Victime de stress post-traumatique, John Marquis n’a plus « la force » de regarder les matches de son équipe fétiche. « Je n’arrive pas à dormir, j’ai des crises de panique, je gère mal les foules », énumère-t-il.

Des témoignages du même genre, Peter Scarfe en a entendu des dizaines.

Ce survivant d’Hillsborough, aujourd’hui à la tête d’un groupe de soutien des victimes du drame de 1989, était devant sa télé à Liverpool le 28 mai 2022 et a reçu de nombreux messages de fans « qui rapportaient ce qui se passait » à Paris.

« Beaucoup de gens qui étaient (à Paris) étaient déjà à Hillsborough en 1989 et ça a évidemment réveillé des angoisses », explique-t-il à l’AFP.

Selon lui, il faut que les responsables soient clairement désignés. « Ce que nous n’avons pas eu il y a 34 ans, c’est la reconnaissance de responsabilités », dit-il. Cette fois, les fans veulent que « le monde reconnaisse que d’énormes erreurs ont été commises et qu’elles auraient pu coûter des vies ».

 

– « La pire de toutes » –

 

« Personne ne semble apprendre des erreurs », déplore-t-il, estimant « terrifiante » l’idée que le Stade de France puisse accueillir la Coupe du monde de rugby à l’automne ou les Jeux olympiques l’année prochaine.

« Ce qu’on ne veut pas, c’est devoir dire +On vous l’avait dit+ », affirme-t-il.

Un an plus tard, des supporters du Real Madrid continuent de faire des cauchemars aussi, même si leur équipe avait remporté cette finale 1 à 0 pour conquérir leur 14e C1.

« Je suis allé à huit finales avec le Real. Celle-là, c’était clairement la pire de toutes », tacle David Caballos, vice-président du groupe de supporters madridistes « Paris 2000 », qui a retrouvé sa fourgonnette de location avec une vitre explosée après le match.

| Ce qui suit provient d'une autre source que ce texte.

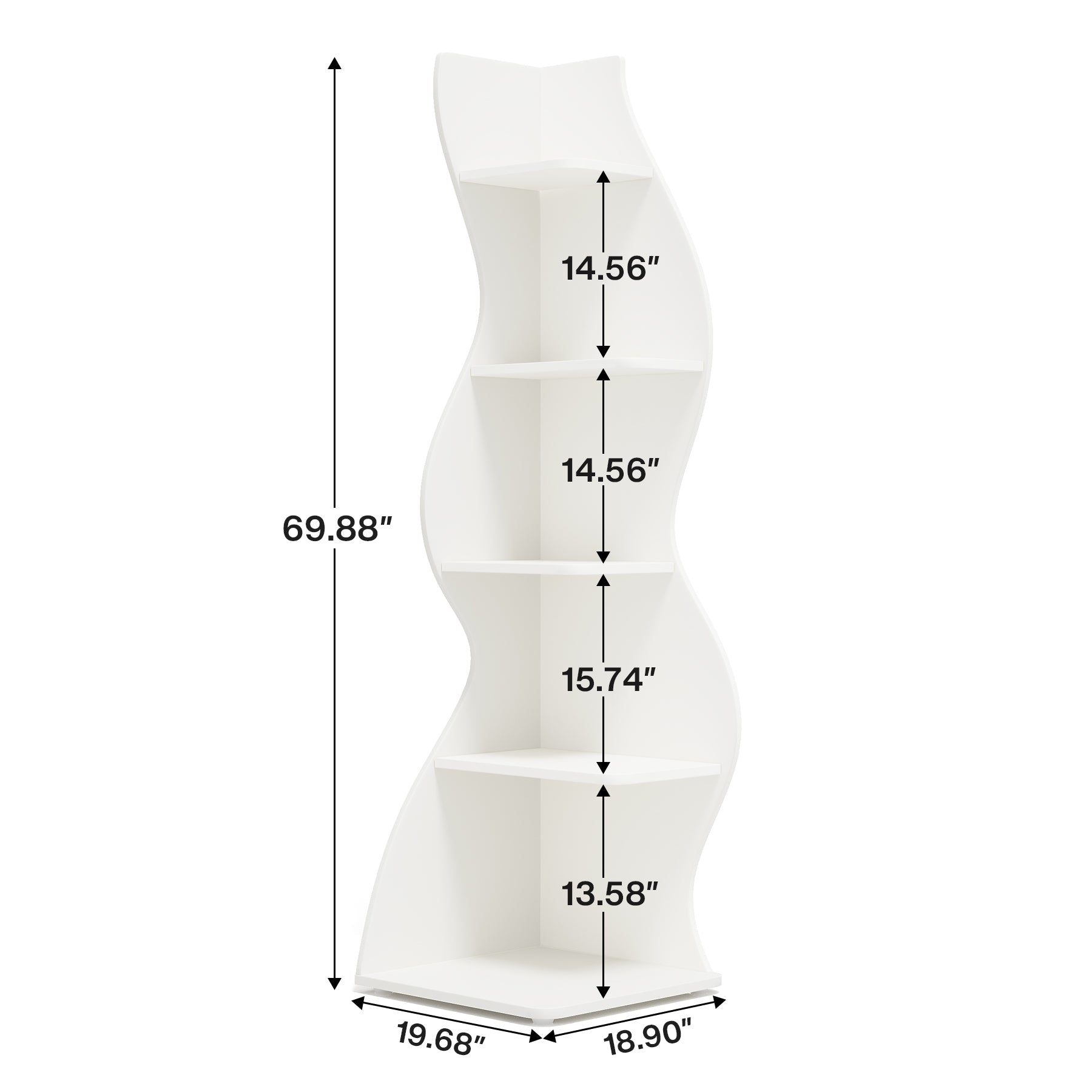 14.56"  
14.56"  
69.88"  
15.74"  
13.58"  
19.68"  
18.90"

« On est allé à Amsterdam, à Cardiff, à Glasgow, à Lisbonne… et deux fois à Paris, en 2000 et en 2022. Nulle part ailleurs on n’a vu autant d’insécurité et une finale aussi mal organisée », ajoute ce supporter de 49 ans.

« La police a commencé à charger. L’un des policiers est revenu vers nous parce qu’il avait lui-même les yeux remplis de gaz lacrymogène. On a dû lui porter secours », se souvient Gerardo Tocino, président de la pena La Gran Familia (la grande famille, en espagnol), l’un de plus importants groupes de supporters du Real Madrid.

– Bandes organisées –

« Tonin el Torero », de son vrai nom Antonio Castano, est l’un des supporters les plus emblématiques du club merengue, toujours présent au premier rang des tribunes du Bernabeu avec sa cape. Il était aussi présent au stade de France.

« Les alentours de Saint-Denis étaient plongés dans un chaos total. Des bandes organisées tentaient de voler les gens, les gens couraient, il faisait noir — il n’y avait plus d’éclairage public –, les vitres des voitures étaient éclatées… », décrit-il, la mémoire encore à vif.

Gerardo Tocino, lui, a pris de la distance. « L’organisation, je ne l’ai pas trouvée si mauvaise, à vrai dire. Il ne faut pas faire une fixette sur ça. Ce sont des circonstances que personne ne pouvait prévoir », estime cet ancien professeur de sport à la retraite.

Mais « Tonin el Torero », lui, rappelle que « les Jeux olympiques arrivent dans très peu de temps. Et je crois la France a un problème, parce que si Saint-Denis doit accueillir des épreuves, ils devront s’assurer de mieux contrôler la sécurité ».